This would apply to Azure App Services too.
This is an interesting feature. To me it resembles or provides the ability to force tunnel. The implementations of forced tunneling I have seen have typically been configured using route tables. Where the route table is a matrix of IP addresses (see Figure 6) that instructs TCP where to forward the packet transmission to next, aka a hop. However, when you run on a PaaS environment without VNET integration, you typically wouldn’t expect to have access to routing tables, at least this is what I have seen up to now. So, this feature is possibly to provide the entry point for such a purpose. Instead of making VNET routing table configurations, you link the PaaS to a Virtual Network (VNET) and then use NSGs for the given Subnet or perhaps the Application security groups (ASG).
Either way, this is how you could force/restrict the traffic for example from an App Service or from a Azure Function to any desired node. By node I mean a machine connected to the internet, intranet or private network which helps route you network traffic. How you would do that is greatly dependent on your requirements, answer “Why do I want to force tunnel?” then you can proceed on to how you need to implement it. One example I can provide is that a company may want to insure all traffic coming from all of their IT resources which goes onto the internet flows through a single server or group of servers. You could force that traffic route by the implementation of an Outbound NSG rule that forces such behavior by disallowing any other. Once you get a PaaS offering bound to a VNET managing traffic can be accomplished by either a route table or NSGs. Again, the one you choose is based on the requirements of your desired solution.
The following is a brief overview of how I configured a solution that worked when I have WEBSITE_VNET_ROUTE_ALL set to 1 with a goal of blocking all outbound internet connectivity. I used an Azure Function and when I was doing this, initially I had some problems with deployments not working. Unable to deploy. Deployment successful but changes are not visible. The reason was that my NSG on the Subnet was blocking a call to Sync Trigger so the new code wasn’t loaded into the process. I cover that more later. Here are also some nice instructions which cover a similar scenario which I have done here: Integrate your app with an Azure virtual network
There are two different types of VNET integration:
- Regional VNET Integration – connecting to VNETs in the same region
- Gateway-required VNET Integration – connecting to VNETs in another region
The one I will be using here is Regional VNET integration. The steps I took to perform this follow.

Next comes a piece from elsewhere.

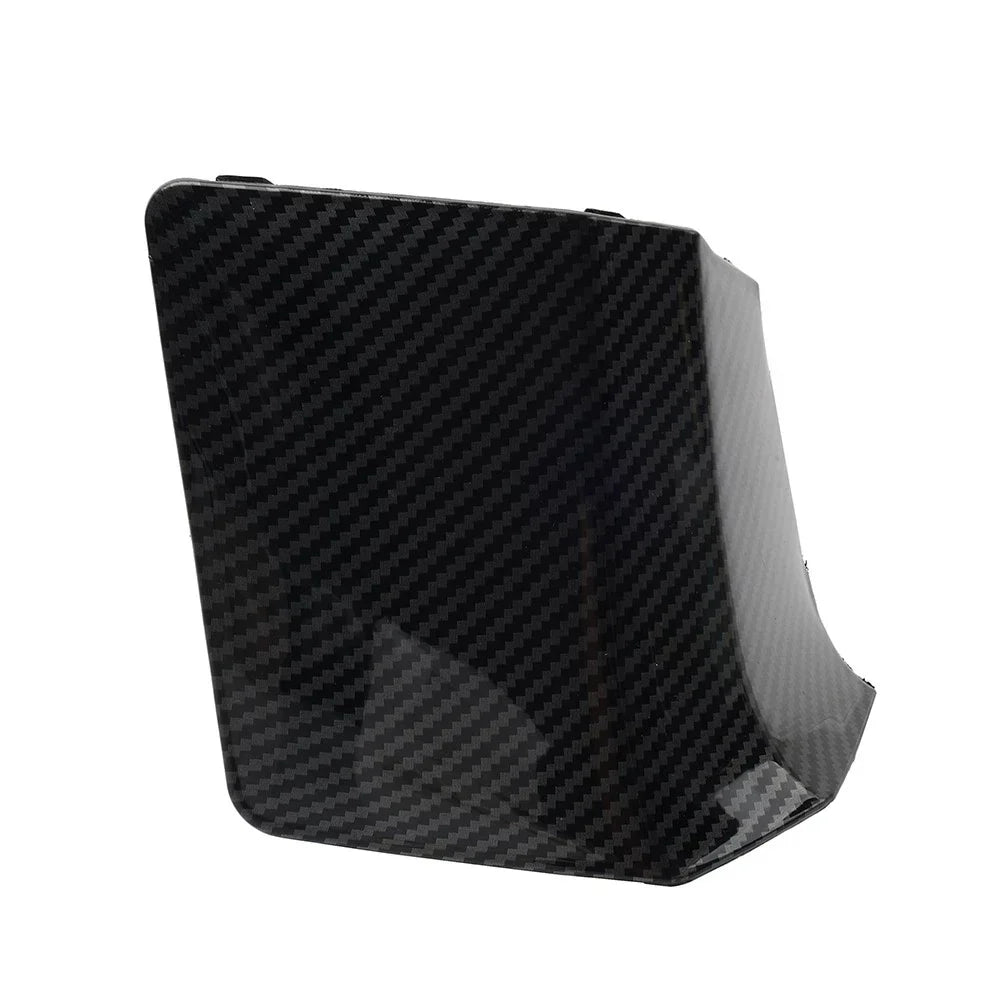 Tow Hook Cover for Front Bumper - Carbon Black - Subaru WRX 2010-2014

1. Create VM and VNET with 2 subnets
2. Create Azure Function and connect to VNET/Subnet
3. Publish and Test the Azure Function
4. Add WEBSITE_VNET_ROUTE_ALL=1
It really isn’t so hard if you have the instructions to follow. I didn’t find any, but I did ask a few people who help me make progress.

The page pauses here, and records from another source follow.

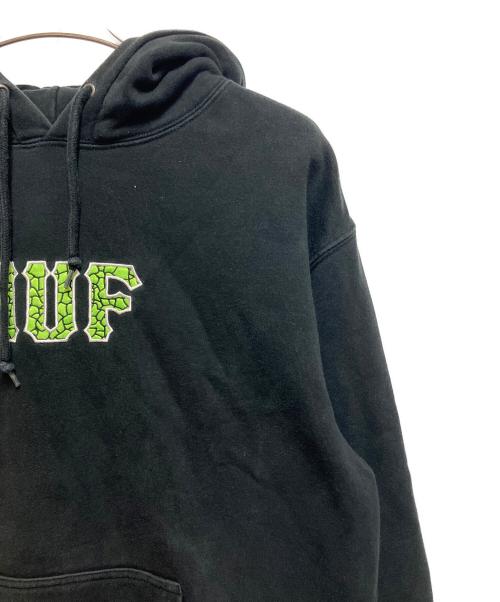 HUF（ハフ）HUF (ハフ) パーカー ブラック サイズ:SIZE Mの古着・服飾アイテム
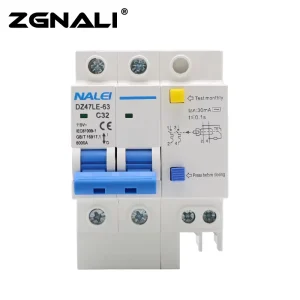 RCBO LMIDL2 Miniature Earth Leakage Circuit Breaker RCCB MCB 6-63A 1P+N 3P+N 6kA Residual Current PA66 Copper Protection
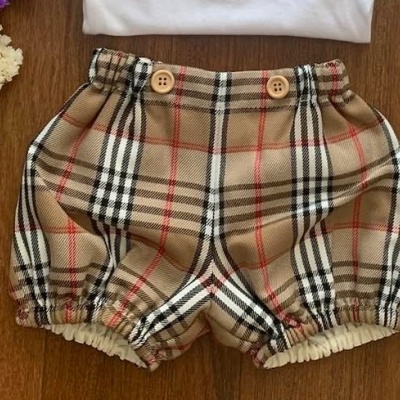 Bloomers/ Calções Padrão Burberry´s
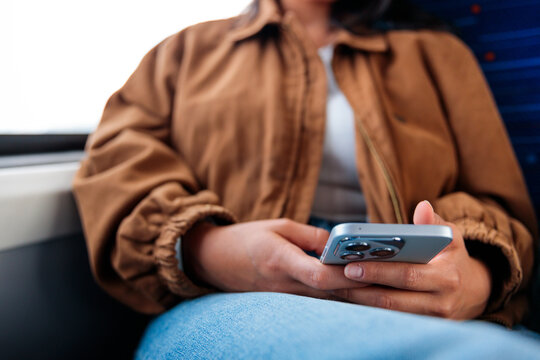 Close up of smartphone in hands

Create VM and VNET with 2 subnets
An Azure VM is not necessary to use WEBSITE_VNET_ROUTE_ALL but as I didn’t have a Site-to-Site or other service to test my VNET connection with I created one. This VM is what I will use for testing the connectivity from my Azure Function. Without something to connect to, I couldn’t really know if my solution was failing because of a WEBSITE_VNET_ROUTE_ALL configuration problem or if the VNET connection wasn’t working. As seen in Figure 1, I created an Azure VM.
Figure 1, Azure VM creation
A VNET is required to run an Azure VM, the creation or configuration of a VNET is part of the Azure VM creation process. I created a new VNET named CSHAPRGUITAR-VNET which container two subnets CSHARP and GUITAR. I added the VM to subnet CSHARP and will use the GUITAR subnet when I configure VNET integration with my Azure Function. The subnet used for configuring VNET integration with an App Service or an Azure Function must be empty. Figure 2 shows how the VNET and subnet configuration looked for my Azure VM.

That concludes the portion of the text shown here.